Judy ya había advertido que la mayor parte de las ventanas daban al mar. Sin dejar solo a Robin, se acercó a donde estaba Ryan. Él le señaló dos anchos edificios situados cerca del muelle y rodeados de jardines.

–El primer edificio es un motel –le explicó–, y el segundo es su restaurante. Si el motel no tiene habitaciones libres encontrará una en otra parte, y mañana me encargaré de que regrese a Christchurch. No hay necesidad de que se preocupe por nada. Robin estará perfectamente con Kate.

Al oír aquello Robin empezó nuevamente a sollozar.

–Quiero estar con Judy, no quiero estar con… esa otra. No me gusta. Es mala y gruñona.

–¿No te dije que dejaras de decir tonterías? –le gritó Kate–. Ven conmigo para que te lave la cara y las manos –atravesó la habitación y lo agarró de un brazo, con la intención de separarlo de Judy.

Pero su acción tuvo directos resultados. Robin dio comienzo a una de sus famosas rabietas, algo que Judy había temido desde el principio. Sus sollozos se convirtieron en terribles gritos mientras se retorcía convulsivamente para liberarse de Kate. La golpeó con sus pequeños puños, y le propinó además una fuerte patada en la espinilla con su pesado zapato de invierno. Kate chilló entonces, horrorizada:

–¡Pequeño monstruo! Nunca había visto antes una rabieta parecida.

–Es verdad –le informó Judy tranquilamente–. A Robien se le dan muy bien las rabietas. Y yo he visto bastantes.

–Diablos… ¿es que no puede hacerlo callar? –gritó Ryan, pero su tono terminó por agotar la paciencia de la joven.

–Ahora escúcheme bien, Ryan Ellison –se las arregló para hacerse oír por encima de los sollozos del niño–. Robin está bajo mi responsabilidad, y no voy a abandonarlo si no está contento. Si me voy a un motel, él vendrá conmigo. ¿Está claro?
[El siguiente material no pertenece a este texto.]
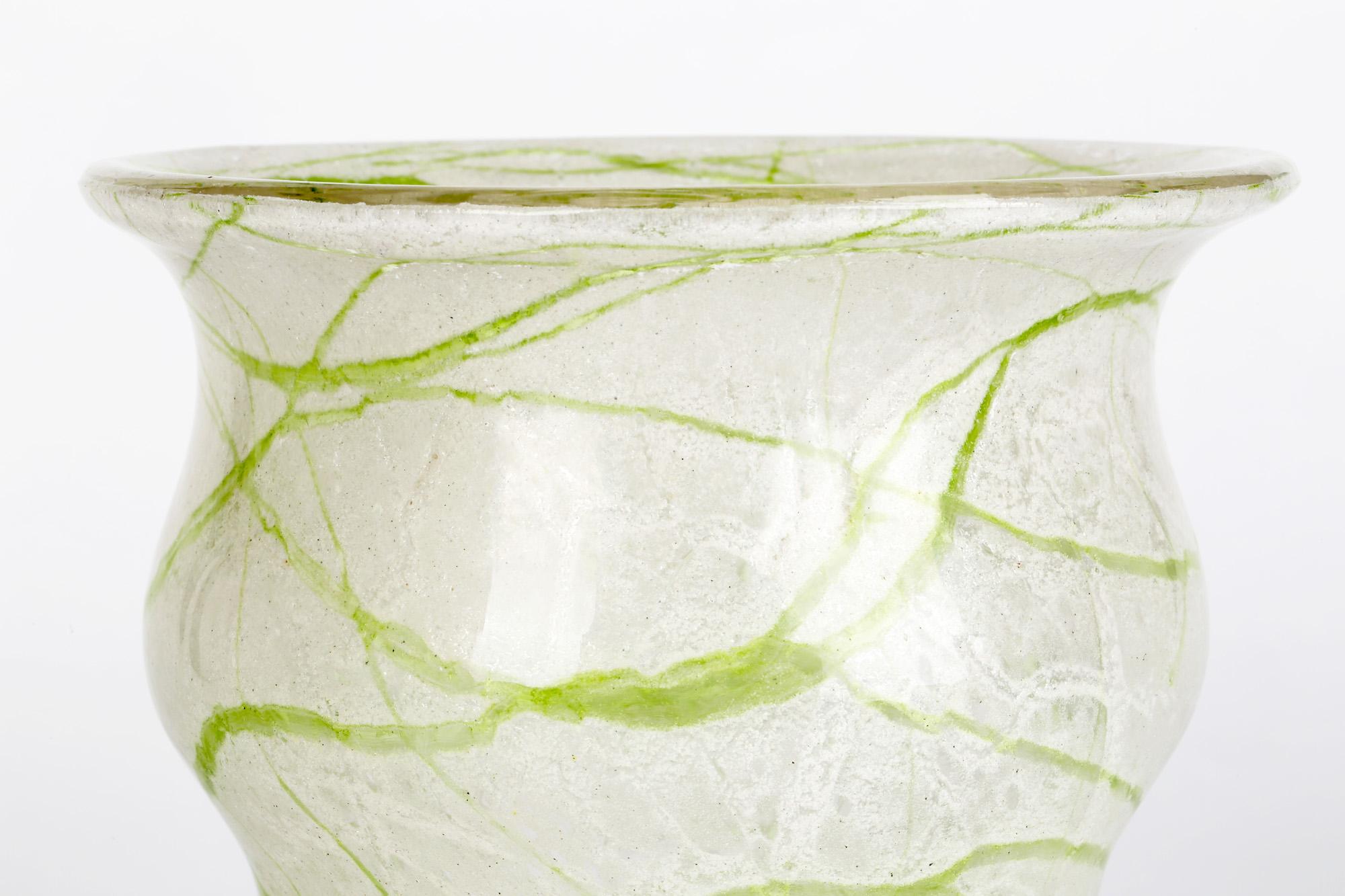 Loetz Art Deco Schaumglas Art Glass Vase 8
Encárguese usted de explicárselo a su abuela –se ruborizó mientras estrechaba a Robin contra su pecho.

Como si fuera un truco de magia, sus palabras lograron acallar de inmediato al chico.

–Prométemelo, Judy. ¿Me prometes que no me abandonarás? ¿Me lo prometes, me lo pro…?

–Sí, querido, te lo prometo –abrió su bolso para sacar unos pañuelos de papel–. Límpiate las lágrimas y suénate la nariz… así, buen chico. Y no vuelvas a montar una escena.

–Al menos usted parece capaz de controlarlo –comentó Ryan sin disimular su alivio.

Kate se miró la espinilla, y preguntó con tono agresivo:

–¿Con cuánta frecuencia le dan esas rabietas?

–Sólo cuando se siente en peligro. Si me disculpa mi franqueza, tengo que decirle que su actitud hacia Robin ha sido dura y autoritaria sin ningún motivo ni excusa. Eso le ha hecho sentirse inseguro y asustado. Cualquiera que esté acostumbrado a tratar con niños pequeños se habría dado cuenta de que ha tenido un día largo y difícil. Después de todo, sólo tiene seis años.

–Es verdad; la criatura ha tenido un día muy ajetreado –murmuró Ryan con un tono mucho más suave, pero Judy continuó disculpando a Robin:

–Y eso no es todo. Usted, señor Ellison, no ha ocultado en ningún momento que no me quiere en su casa. Eso lo ha molestado profundamente, porque yo soy el único lazo seguro que tiene. Si acepto su plan y me marcho de aquí, el niño seguirá llorando durante la mayor parte de la tarde. Y cuando se agote y se meta en la cama, es seguro que la mojará… ¡y no me estoy refirendo a las lágrimas!

–¡Oh, Dios mío, eso sí que no podré soportarlo! –exclamó Kate, horrorizada, mirando a Ryan con patética expresión–. Lo siento, creo que no podré hacerme cargo del niño; soy demasiado mayor. Me temo que tendrá que buscar otra solución…

–Vale, vale, Kate –repuso Ryan con tono irritado–. Supongo que la señorita Arledge tendrá que quedarse aquí, después de todo –añadió suspirando.

Judy lo miró desdeñosa mientras se preguntaba qué diablos podría haberle inducido a pensar que le gustaría llegar a conocer mejor a aquel hombre.

–Muchísimas gracias por el encanto y calidez de su invitación, señor Ellison. Sin embargo, puedo asegurarle que quedarme aquí es lo último que desearía hacer.

Ryan la miró ceñudo, esbozando una mueca.

–Entonces… ¿cuáles son sus intenciones?